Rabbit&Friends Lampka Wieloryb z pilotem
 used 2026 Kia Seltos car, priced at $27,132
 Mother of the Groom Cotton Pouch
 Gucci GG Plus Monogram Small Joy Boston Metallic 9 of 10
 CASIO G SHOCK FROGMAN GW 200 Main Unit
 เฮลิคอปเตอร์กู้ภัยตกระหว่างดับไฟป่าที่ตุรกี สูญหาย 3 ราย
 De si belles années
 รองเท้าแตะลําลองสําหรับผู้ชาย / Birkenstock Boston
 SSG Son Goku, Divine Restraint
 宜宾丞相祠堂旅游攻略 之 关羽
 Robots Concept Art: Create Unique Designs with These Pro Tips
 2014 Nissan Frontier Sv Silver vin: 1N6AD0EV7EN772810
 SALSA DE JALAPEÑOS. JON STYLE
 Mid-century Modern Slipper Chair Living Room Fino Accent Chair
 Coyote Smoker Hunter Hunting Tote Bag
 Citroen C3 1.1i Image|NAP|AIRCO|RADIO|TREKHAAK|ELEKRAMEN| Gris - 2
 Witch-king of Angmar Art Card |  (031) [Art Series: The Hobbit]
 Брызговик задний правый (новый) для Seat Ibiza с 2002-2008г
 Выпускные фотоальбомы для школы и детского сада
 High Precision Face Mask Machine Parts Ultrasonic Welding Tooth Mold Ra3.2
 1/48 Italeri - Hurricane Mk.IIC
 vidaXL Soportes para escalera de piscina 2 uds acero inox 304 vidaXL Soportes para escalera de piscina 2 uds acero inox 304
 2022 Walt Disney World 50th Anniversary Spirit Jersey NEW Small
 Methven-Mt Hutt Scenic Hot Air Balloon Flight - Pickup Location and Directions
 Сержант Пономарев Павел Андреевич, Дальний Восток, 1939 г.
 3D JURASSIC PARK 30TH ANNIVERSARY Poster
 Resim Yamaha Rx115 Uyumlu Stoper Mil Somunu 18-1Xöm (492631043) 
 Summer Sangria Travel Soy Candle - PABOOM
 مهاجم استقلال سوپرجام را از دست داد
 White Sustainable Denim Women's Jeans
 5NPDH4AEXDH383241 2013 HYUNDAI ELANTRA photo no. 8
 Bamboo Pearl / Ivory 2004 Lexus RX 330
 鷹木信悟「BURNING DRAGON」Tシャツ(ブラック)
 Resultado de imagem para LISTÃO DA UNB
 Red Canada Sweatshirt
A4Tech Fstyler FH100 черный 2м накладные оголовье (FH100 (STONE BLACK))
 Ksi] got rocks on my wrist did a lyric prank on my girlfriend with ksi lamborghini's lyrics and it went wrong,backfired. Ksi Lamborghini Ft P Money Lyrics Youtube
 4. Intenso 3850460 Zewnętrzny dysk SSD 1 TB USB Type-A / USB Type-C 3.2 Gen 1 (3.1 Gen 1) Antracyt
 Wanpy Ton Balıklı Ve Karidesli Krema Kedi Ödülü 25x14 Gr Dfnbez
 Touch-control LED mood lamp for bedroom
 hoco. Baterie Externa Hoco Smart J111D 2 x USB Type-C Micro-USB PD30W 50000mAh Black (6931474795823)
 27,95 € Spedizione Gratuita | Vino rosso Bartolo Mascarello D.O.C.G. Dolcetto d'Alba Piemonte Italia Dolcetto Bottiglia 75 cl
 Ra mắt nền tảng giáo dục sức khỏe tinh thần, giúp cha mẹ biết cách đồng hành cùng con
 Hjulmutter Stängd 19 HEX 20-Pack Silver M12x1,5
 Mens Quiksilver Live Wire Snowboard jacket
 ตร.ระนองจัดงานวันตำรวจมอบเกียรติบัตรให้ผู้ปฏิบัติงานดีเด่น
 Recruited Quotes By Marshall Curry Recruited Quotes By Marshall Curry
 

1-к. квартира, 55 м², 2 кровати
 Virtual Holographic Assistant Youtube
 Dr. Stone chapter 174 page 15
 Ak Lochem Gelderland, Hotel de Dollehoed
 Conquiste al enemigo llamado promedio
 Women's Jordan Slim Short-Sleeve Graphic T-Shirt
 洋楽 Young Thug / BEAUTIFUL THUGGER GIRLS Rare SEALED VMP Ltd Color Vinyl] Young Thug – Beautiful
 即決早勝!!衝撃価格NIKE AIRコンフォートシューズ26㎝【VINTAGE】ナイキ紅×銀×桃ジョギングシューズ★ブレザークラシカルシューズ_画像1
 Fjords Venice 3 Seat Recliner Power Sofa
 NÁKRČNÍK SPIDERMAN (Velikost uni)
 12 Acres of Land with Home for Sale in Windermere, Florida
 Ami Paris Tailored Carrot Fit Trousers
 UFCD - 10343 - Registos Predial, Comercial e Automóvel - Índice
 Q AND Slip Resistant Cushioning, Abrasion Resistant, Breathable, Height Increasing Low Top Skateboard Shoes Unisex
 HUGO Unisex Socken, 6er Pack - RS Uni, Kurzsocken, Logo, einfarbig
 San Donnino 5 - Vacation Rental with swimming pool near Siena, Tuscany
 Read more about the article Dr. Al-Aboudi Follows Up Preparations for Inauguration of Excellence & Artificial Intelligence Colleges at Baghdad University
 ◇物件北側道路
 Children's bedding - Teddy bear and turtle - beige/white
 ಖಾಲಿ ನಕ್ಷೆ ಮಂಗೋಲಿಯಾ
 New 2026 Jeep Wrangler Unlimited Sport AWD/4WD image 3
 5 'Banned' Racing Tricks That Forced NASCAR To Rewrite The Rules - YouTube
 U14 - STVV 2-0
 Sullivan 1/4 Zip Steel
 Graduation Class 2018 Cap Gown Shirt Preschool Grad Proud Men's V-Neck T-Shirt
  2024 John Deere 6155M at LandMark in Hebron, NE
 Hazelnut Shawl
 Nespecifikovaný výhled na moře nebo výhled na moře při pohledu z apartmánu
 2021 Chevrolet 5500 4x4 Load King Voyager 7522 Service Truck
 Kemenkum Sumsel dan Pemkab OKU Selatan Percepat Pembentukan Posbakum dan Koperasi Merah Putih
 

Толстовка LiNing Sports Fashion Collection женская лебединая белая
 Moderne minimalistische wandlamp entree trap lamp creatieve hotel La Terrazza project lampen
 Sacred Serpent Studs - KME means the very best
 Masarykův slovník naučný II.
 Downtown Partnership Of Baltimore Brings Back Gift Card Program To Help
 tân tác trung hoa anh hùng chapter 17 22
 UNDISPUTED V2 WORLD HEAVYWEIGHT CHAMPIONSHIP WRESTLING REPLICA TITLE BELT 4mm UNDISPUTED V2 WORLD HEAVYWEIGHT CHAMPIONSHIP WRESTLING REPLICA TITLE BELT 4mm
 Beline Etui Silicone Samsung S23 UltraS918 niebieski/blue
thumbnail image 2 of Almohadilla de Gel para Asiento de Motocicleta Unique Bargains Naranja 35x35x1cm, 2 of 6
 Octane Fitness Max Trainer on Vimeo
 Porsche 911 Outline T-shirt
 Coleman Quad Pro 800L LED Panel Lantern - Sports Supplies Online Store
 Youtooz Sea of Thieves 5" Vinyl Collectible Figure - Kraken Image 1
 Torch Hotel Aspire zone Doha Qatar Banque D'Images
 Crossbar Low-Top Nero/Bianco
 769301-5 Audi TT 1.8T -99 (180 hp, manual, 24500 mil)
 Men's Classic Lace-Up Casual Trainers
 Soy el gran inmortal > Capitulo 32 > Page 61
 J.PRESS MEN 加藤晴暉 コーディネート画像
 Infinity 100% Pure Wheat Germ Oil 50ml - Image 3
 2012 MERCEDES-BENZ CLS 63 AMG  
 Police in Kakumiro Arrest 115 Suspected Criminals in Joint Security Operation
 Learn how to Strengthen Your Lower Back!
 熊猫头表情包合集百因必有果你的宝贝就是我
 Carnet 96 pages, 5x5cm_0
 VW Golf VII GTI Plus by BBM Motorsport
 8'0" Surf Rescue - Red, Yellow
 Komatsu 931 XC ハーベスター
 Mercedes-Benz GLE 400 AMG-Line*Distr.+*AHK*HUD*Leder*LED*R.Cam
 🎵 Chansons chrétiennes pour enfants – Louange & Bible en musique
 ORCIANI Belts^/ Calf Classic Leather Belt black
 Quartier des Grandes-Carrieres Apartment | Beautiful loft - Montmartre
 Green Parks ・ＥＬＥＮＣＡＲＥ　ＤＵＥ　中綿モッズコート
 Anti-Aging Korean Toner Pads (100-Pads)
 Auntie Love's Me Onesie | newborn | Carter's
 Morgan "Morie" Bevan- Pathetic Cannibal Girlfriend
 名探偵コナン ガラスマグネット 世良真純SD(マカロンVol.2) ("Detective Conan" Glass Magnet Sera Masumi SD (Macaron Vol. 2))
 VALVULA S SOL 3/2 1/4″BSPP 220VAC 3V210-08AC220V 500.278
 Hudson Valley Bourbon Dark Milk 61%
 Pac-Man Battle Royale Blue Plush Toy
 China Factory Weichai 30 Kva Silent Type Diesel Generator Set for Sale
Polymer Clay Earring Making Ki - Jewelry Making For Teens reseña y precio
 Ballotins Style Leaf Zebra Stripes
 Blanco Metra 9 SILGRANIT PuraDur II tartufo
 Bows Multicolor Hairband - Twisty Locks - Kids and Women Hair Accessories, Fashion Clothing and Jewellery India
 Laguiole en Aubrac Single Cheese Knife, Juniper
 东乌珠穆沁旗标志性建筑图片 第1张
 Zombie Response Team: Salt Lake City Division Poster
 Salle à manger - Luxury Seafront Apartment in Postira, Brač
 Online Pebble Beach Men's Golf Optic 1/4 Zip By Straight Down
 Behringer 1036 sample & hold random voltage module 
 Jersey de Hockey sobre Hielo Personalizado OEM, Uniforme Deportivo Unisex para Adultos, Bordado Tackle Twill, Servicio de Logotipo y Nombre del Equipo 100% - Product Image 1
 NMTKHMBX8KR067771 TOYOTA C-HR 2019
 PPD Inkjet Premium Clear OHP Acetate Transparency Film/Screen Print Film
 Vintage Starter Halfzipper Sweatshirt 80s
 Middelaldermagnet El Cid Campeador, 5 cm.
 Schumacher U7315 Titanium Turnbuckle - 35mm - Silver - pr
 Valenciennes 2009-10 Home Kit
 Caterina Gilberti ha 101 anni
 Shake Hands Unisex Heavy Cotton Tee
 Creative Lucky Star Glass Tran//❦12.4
★ ★ ★ ★ ★ ★ ★
Your assignment: For the string "Beautiful", work out how many lines of the entries contain it and reply with that number alone.

Answer: 2